A financial analyst can work in the investment industry or for private and public companies. Financial analysts working in the investment industry analyze a company's finances and construct models to predict the effects of mergers and acquisitions, leveraged borrowing, personal investments and asset management. Analysts working in other industries analyze a company's financial statements and trends to make budgetary and financial recommendations based on their findings.


How They're Educated

Most accountants acquire at least a bachelor's degree in accounting. Some companies hire accountants with finance or other business-related degrees. Many employers require public accountants to possess a master's degree in accounting or a related field. Financial analysts usually possess at least a bachelor's degree in finance, accounting, economics or statistics. Some employers, especially investment banks, require financial analysts to have a master's degree in business administration.

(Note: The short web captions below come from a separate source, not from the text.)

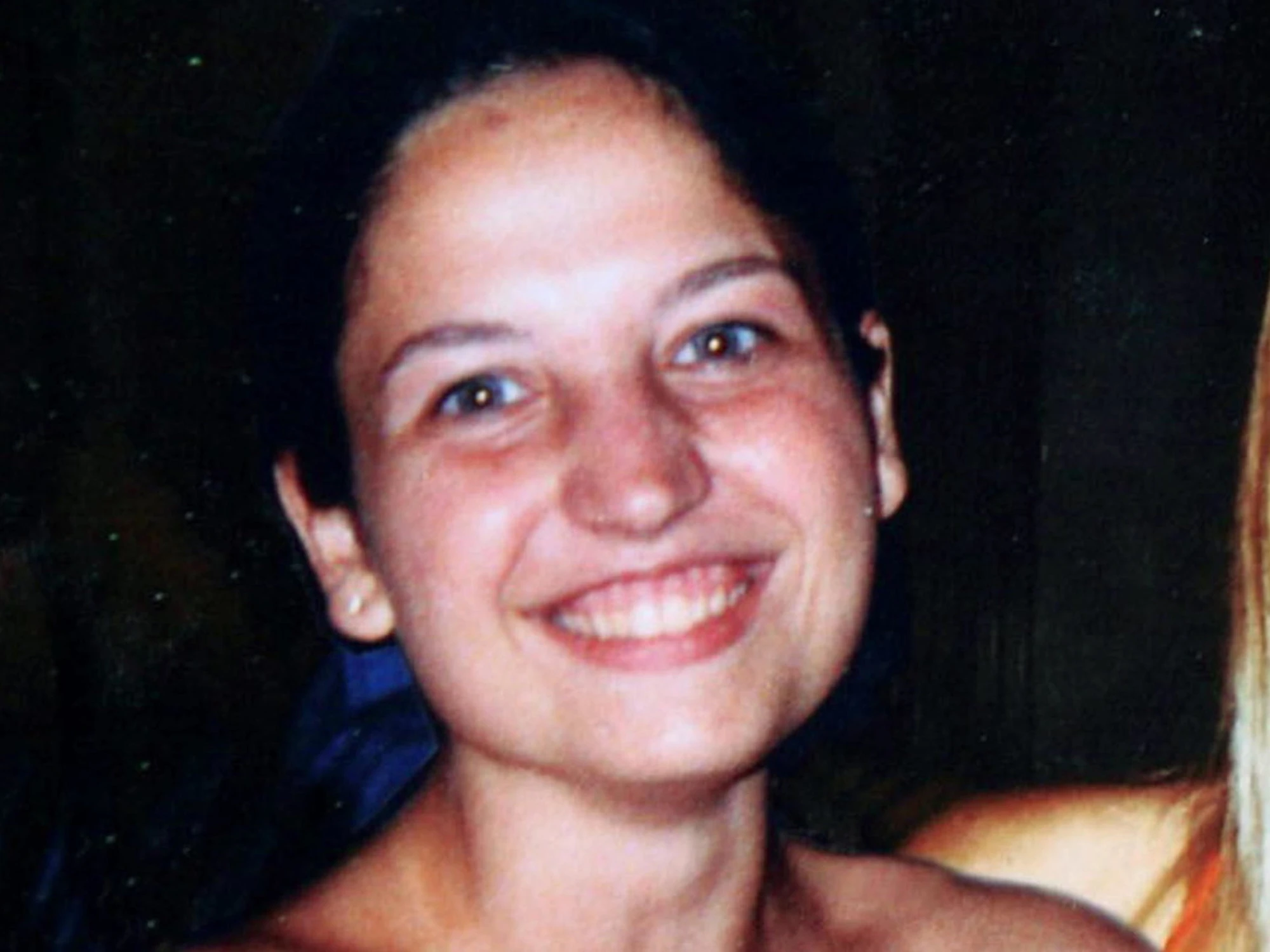 Garlasco, il "diario" di Chiara Poggi svela cosa ha fatto prima di morire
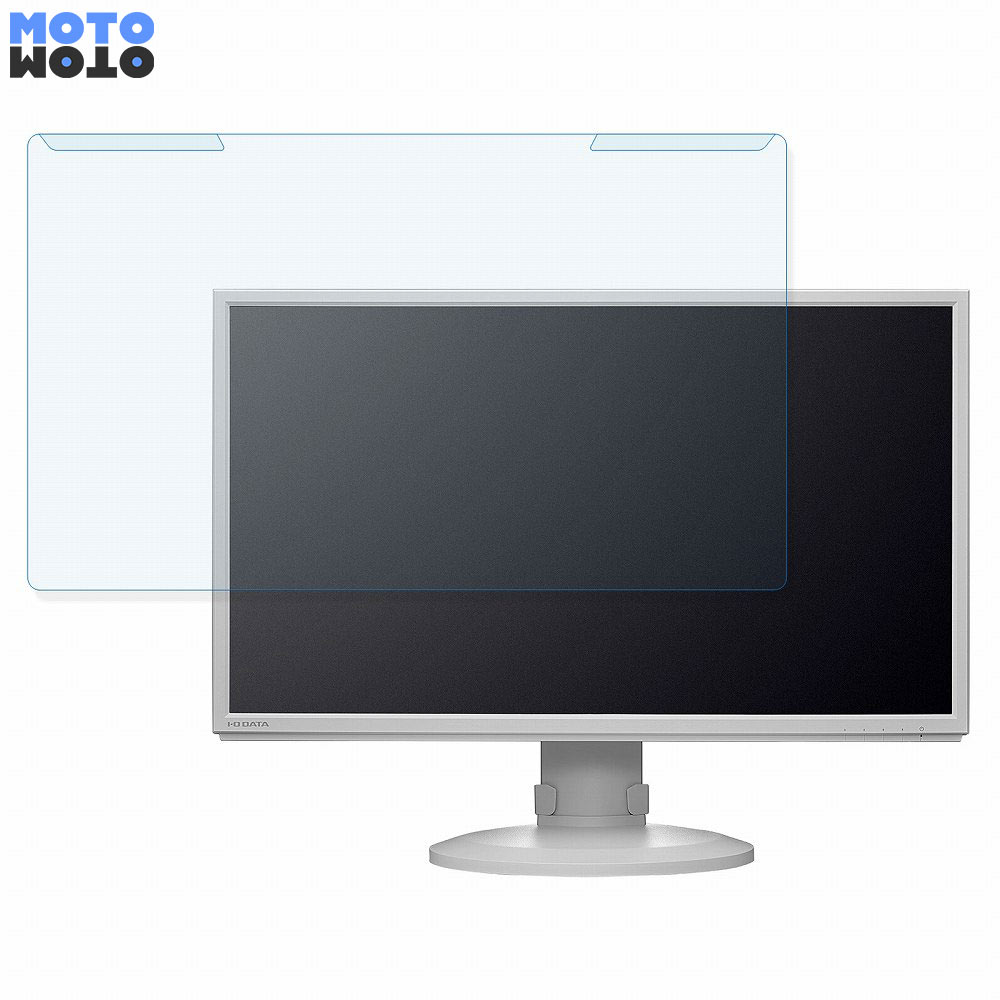 y|Cg2{z OȒP IODATA LCD-CF241ED-FV[Y 23.8C` 16:9  u[CgJbg tB^[ dl tی veN^[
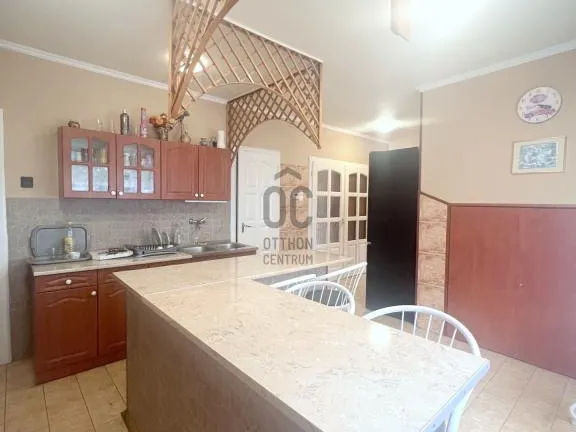 Eladó ház Gyál 99 nm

Licensing and Certification

The most common type of certification for accountants is the certified public accountant designation. Other certifications include the certified internal auditor designation, certified management accountant designation and the certified information systems auditor. Financial analysts can earn a certification as a chartered financial analyst.


Typical Salaries

According to the Bureau of Labor Statistics, the median salary for accountants as of 2016 was $68,150. The top 10 percent earned $120,910 or higher, and the bottom 10 percent earned $42,140 or less. The median salary for a financial analyst as of 2016 was $81,760. The top 10 percent of workers earned $165,100 or more, and the bottom 10 percent earned up to $50,350. The BLS' state by state breakdown shows that New York, D.C., New Jersey, Virginia and California were the highest-paying markets for accountants in 2016. For financial analysts, New York, Colorado, California, Connecticut and D.C. offered the highest salaries.